Whisper exposes audio→text transcription (operator’s compute)
Ollama exposes text→text inference (operator’s compute, often paid :cloud quota)
Together: an attacker can pipe audio → Whisper → Ollama → response end-to-end through the operator’s resources

The 2 Whisper+llama.cpp overlap is a smaller version of the same.

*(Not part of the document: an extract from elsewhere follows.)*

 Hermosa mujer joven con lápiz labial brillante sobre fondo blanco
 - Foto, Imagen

Same VPS running both unauth ASR and unauth LLM.

Methodology placement

This survey adds Whisper to the Tier-A “no auth concept in framework default” platform list, joining:

Ollama (no auth concept, 100% unauth)
vLLM (no auth concept, 100% unauth at population)
Triton (no auth concept)
Qdrant / ChromaDB / Milvus (no auth concept in defaults)
MLflow Tracking (no auth in defaults)
Whisper ASR webservice family (no auth in defaults, confirmed at 230 hosts)

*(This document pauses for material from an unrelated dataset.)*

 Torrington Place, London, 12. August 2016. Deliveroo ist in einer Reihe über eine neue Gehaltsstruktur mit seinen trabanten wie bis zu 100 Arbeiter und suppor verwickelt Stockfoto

Reinforces the auth-on-default thesis on the audio-AI tier (which was previously only tested via the voice-cloning / voice-agent surveys earlier today; Whisper-ASR fills the speech-recognition side of the audio quadrant).

Toolchain Provenance

0. shodan_paginate.py × 6 dorks                          →  537 ip:port unique
1. fast_enum_whisper.py (threads=80, timeout=6s, ~32s)   →  230 confirmed (139 webservice + 40 cpp + 25 faster + 4 X + 22 unid)
2. /docs + /openapi.json + /asr + /v1/audio HEAD probes  →  145 hosts with unauth-POST audio endpoint reachable
3. cross-survey diff vs Ollama/llama.cpp/Docker/voice    →  13 Whisper+Ollama; 2 Whisper+llama.cpp
4. visorlog ingest                                       →  28 net-new events (heavy dedup with prior surveys' IPs)

Honest negative space

Model-hint extraction returned mostly empty: openai-whisper-asr-webservice doesn’t expose its loaded model (ASR_MODEL env var) in the /openapi.json description. The operator-workload-corpus axis from Insight #24 doesn’t have a direct analogue here; the loaded model is an internal-only config.
No PHI / hospital / clinical hostnames surfaced in the immediate analysis pass (because the hostname-enrichment query had a path error during analysis; full hostname-vs-sensitive-token grep is flagged for follow-up). The healthcare-tier risk class is real for Whisper (hospital transcription deployments) but didn’t surface a specific gov/edu/clinical host this run.
537 candidate corpus may undercount the true Whisper population. http.html:"whisper" returned 2,300 candidates that this survey didn’t probe (Shodan-broader pool). A second-pass on the 2,300 with the full prober is flagged for follow-up.